> Activity
Repeat the listing that follows character for character, omitting images.

> Material provided
________

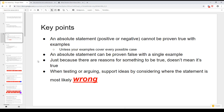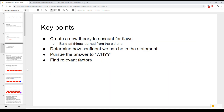Just because there are reasons for something to be true doesn't mean it actually is true. When you're testing a theory or arguing a point, you want to support your ideas by considering where the statement is most likely wrong. If you find somewhere where your theory is wrong, you want to create a new theory that accounts for those flaws. You don't necessarily have to throw away the old theory — usually you can build off what you learned from it to create a better one.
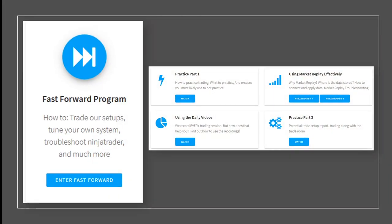Fast Forward is our unique self-paced training program that is like no other. We provide a structured program that doesn't just teach, but gives the trader tools to accelerate the learning process. You'll be trading dozens of trade setups in just an hour or less, so you won't be wasting your time waiting for the opportunity to take a trade. You can do this at your leisure, in your spare time, any time of day or night.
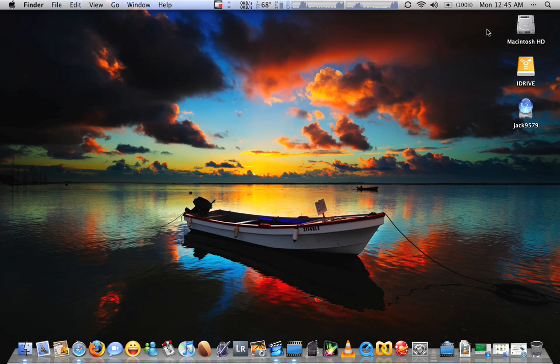Damn it, Bill. Stop touching yourself, Bill. Anyway, I want to show you how to customize the icons in OS X.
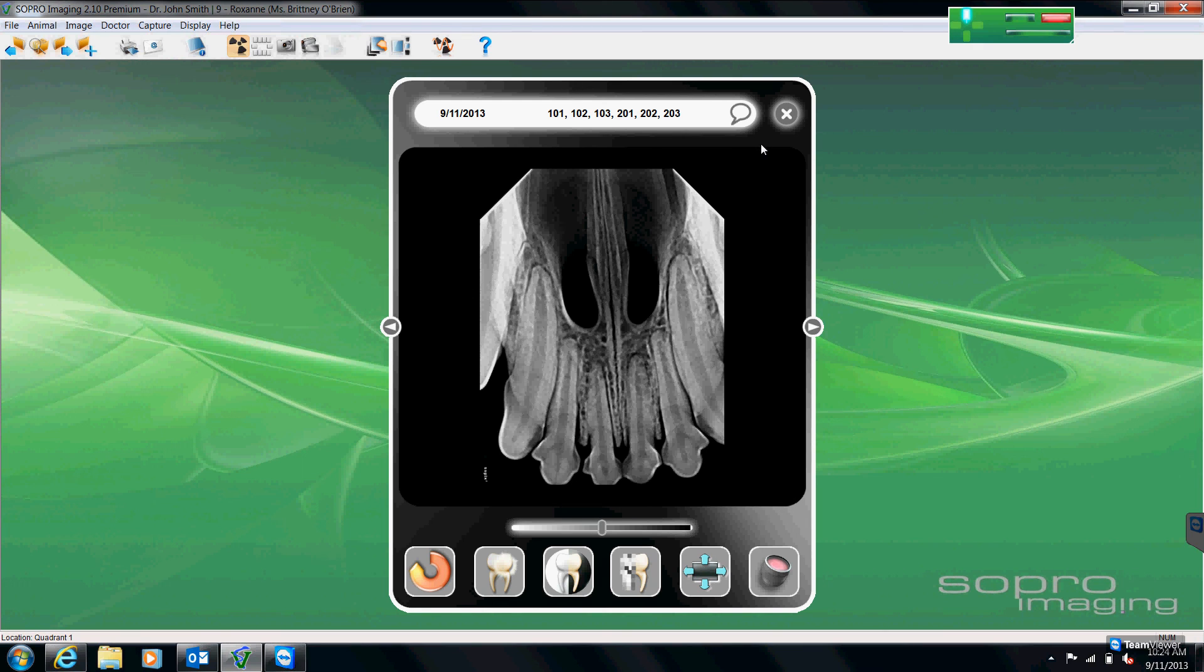These are the three basic ways that we can go about numbering the teeth that are in our image. Thank you.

________

> Final answer
Just because there are reasons for something to be true doesn't mean it actually is true. When you're testing a theory or arguing a point, you want to support your ideas by considering where the statement is most likely wrong. If you find somewhere where your theory is wrong, you want to create a new theory that accounts for those flaws. You don't necessarily have to throw away the old theory — usually you can build off what you learned from it to create a better one.
Fast Forward is our unique self-paced training program that is like no other. We provide a structured program that doesn't just teach, but gives the trader tools to accelerate the learning process. You'll be trading dozens of trade setups in just an hour or less, so you won't be wasting your time waiting for the opportunity to take a trade. You can do this at your leisure, in your spare time, any time of day or night.
Damn it, Bill. Stop touching yourself, Bill. Anyway, I want to show you how to customize the icons in OS X.
These are the three basic ways that we can go about numbering the teeth that are in our image. Thank you.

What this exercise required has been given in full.